The court’s final ruling comes at a time of increased pressure by Turkey on its allies to deport people believed to be linked to schools financed by Gulen, whose movement Ankara has declared a terrorist organisation.
Last month, six Turkish nationals arrested in Kosovo over links to Gulen’s schools were secretly extradited to Turkey, prompting Kosovo Prime Minister Ramush Haradinaj to dismiss the interior minister and the state security chief.
Ankara accuses Gulen, a U.S.-based Muslim cleric, of orchestrating the July 15, 2016 coup attempt. He denies any connection with the abortive putsch.
The Appeals Chamber of Bosnia’s state court last month ruled against the extradition of Humeyra Gokcen on the grounds that she had requested asylum in Bosnia before Turkey had asked for her extradition. The ruling was not made public.
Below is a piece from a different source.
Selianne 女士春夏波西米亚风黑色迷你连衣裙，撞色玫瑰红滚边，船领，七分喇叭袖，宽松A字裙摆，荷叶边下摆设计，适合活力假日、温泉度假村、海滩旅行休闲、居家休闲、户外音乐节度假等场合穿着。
In the decision obtained by Reuters, the court also said that allegations that Gokcen was a member of a terrorist organisation could not be sustained because the FETO organisation has not been verified as such by resolutions of the United Nations or the Council of Europe.
The court did not provide more details on the case nor did it comment on whether there were other such requests for deportation.
But a source close to the matter confirmed to Reuters on Monday that Turkey has requested the extradition of several more people who have arrived in Bosnia after the coup attempt, over links to the schools believed to be financed by the Gulen network.
Even though Bosnia has taken no concrete steps against these schools, some Turkish teachers have left the country under political pressure since the failed coup.
Last month, during his visit to Sarajevo, Turkish Prime Minister Binali Yildirim said that more action should be taken against Gulen’s followers there, “especially in the sectors of education and business”.
At its peak, the Gulen movement operated schools in 160 countries, from Afghanistan to the United States. Since the coup attempt, Turkey has pressured allies to shut down Gulen-run establishments.